"""
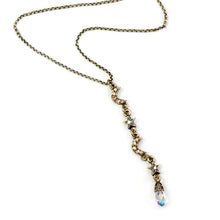 Load image into Gallery viewer, Star &amp; Moon Y Necklace N1628 - Sweet Romance Wholesale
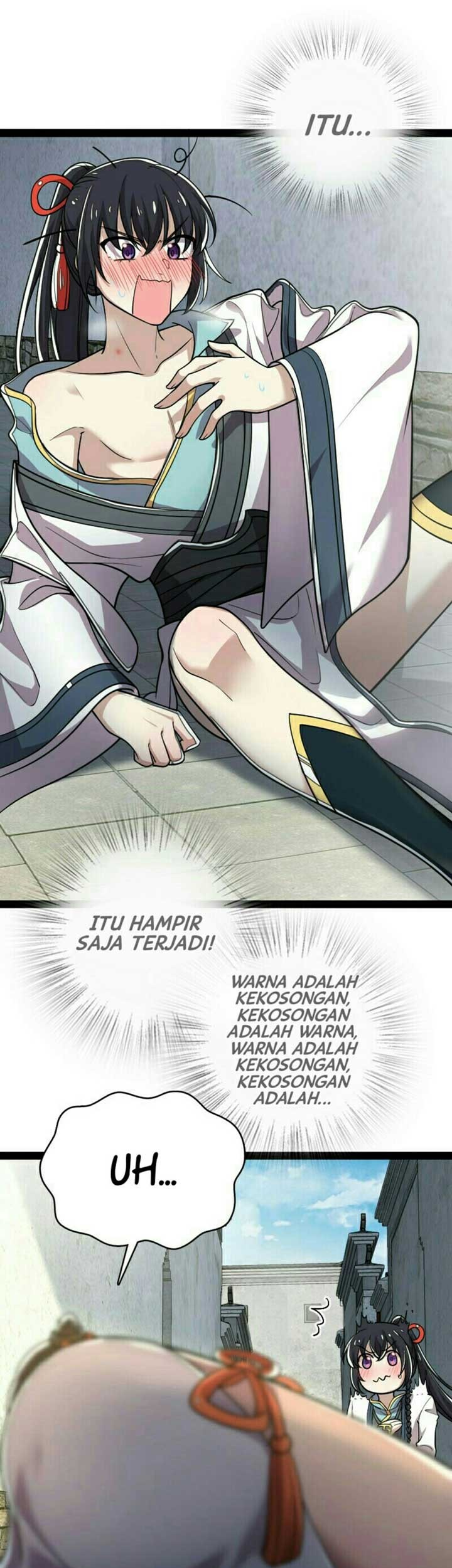 The Life After God Of Martial Lived In Seclusion Chapter 62 - halaman 25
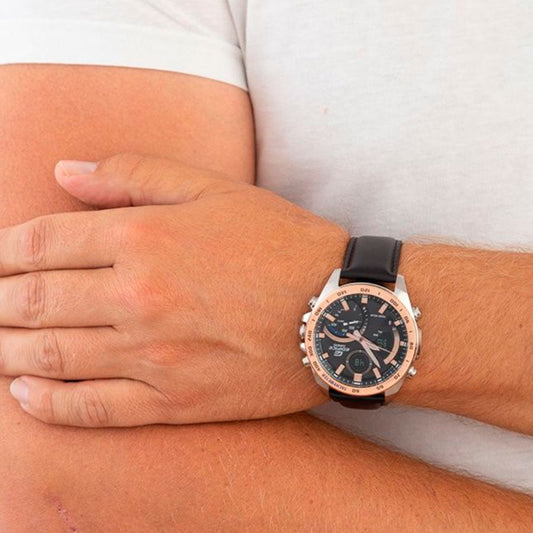 CASIO EDIFICE ECB-900GL-1B MEN WATCH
"""
The problem: Return all the material exactly, pictures excluded.

Exercise solution:
 Load image into Gallery viewer, Star &amp; Moon Y Necklace N1628 - Sweet Romance Wholesale
 The Life After God Of Martial Lived In Seclusion Chapter 62 - halaman 25
 CASIO EDIFICE ECB-900GL-1B MEN WATCH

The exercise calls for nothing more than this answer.